───── Extracted data ─────

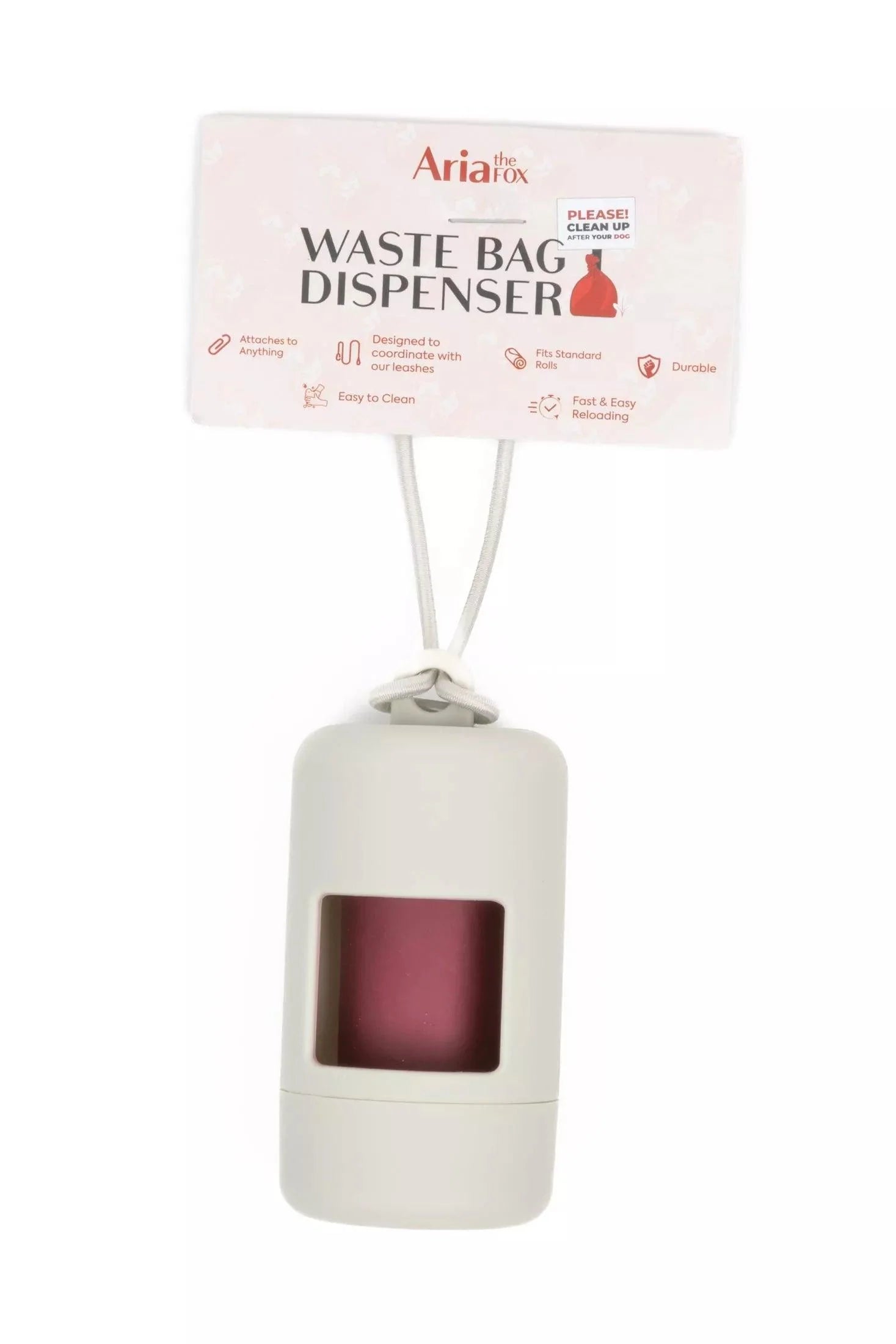 Dog Waste Bag Holder Leash Accessory White Daily Walk Premiu - close up view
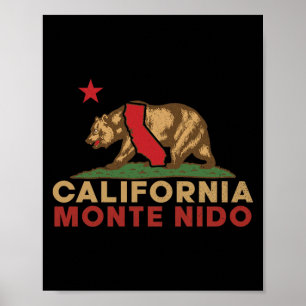 Monte Nido Californië Vintage Beer Retro Staat Poster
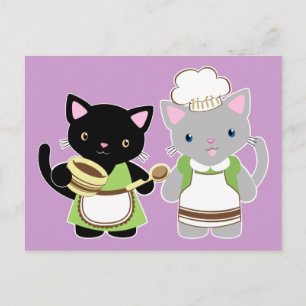 Cartão Postal Gatinhos de panificação de Yoyo e Suki Neko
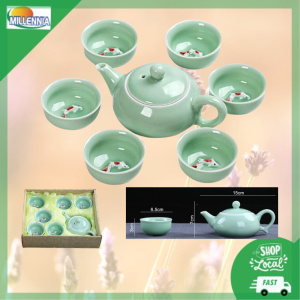 Fish Design Porcelain Chinese Kung Fu Tea Pot Set- 1 Pot 6 Cups-Gift /小套陶瓷鲤鱼7头茶具送礼盒套装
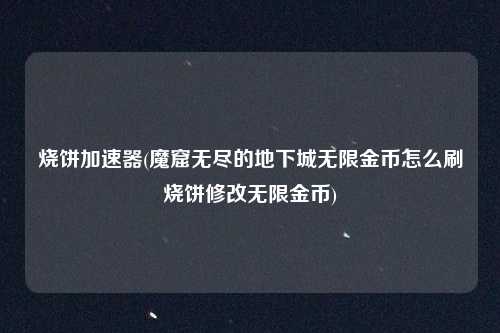 烧饼加速器(魔窟无尽的地下城无限金币怎么刷烧饼修改无限金币)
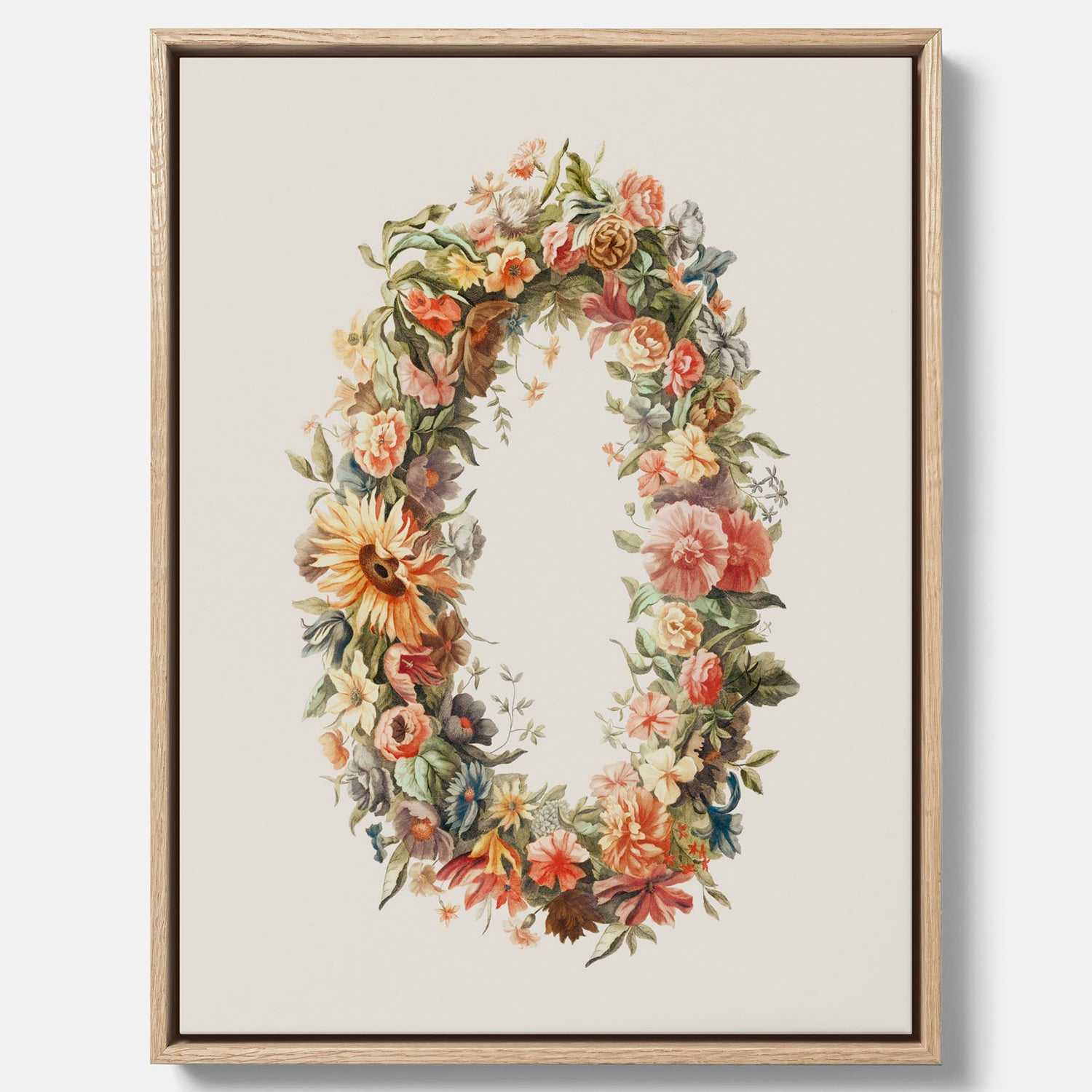 Blomkrans canvastavla  – Botanisk poster, vintageposter med blommor, midsommar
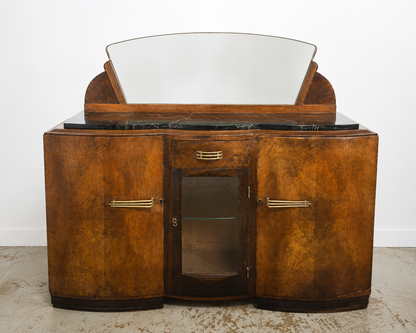 Buffet bar Art Déco avec miroir en bois galbé – meuble années 1930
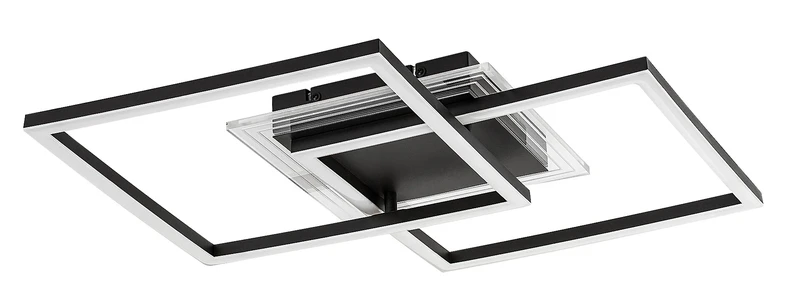 Ottavia – LED плафон в черно/бяло, 700×470мм, 28W, 3000K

─────

**Required work:** Pictures do not belong in your copy; restate word for word the lines from the one containing "med blommor, midsommar" through the last line of the records above.

**Output for this exercise:**
 Blomkrans canvastavla  – Botanisk poster, vintageposter med blommor, midsommar
 Buffet bar Art Déco avec miroir en bois galbé – meuble années 1930
 Ottavia – LED плафон в черно/бяло, 700×470мм, 28W, 3000K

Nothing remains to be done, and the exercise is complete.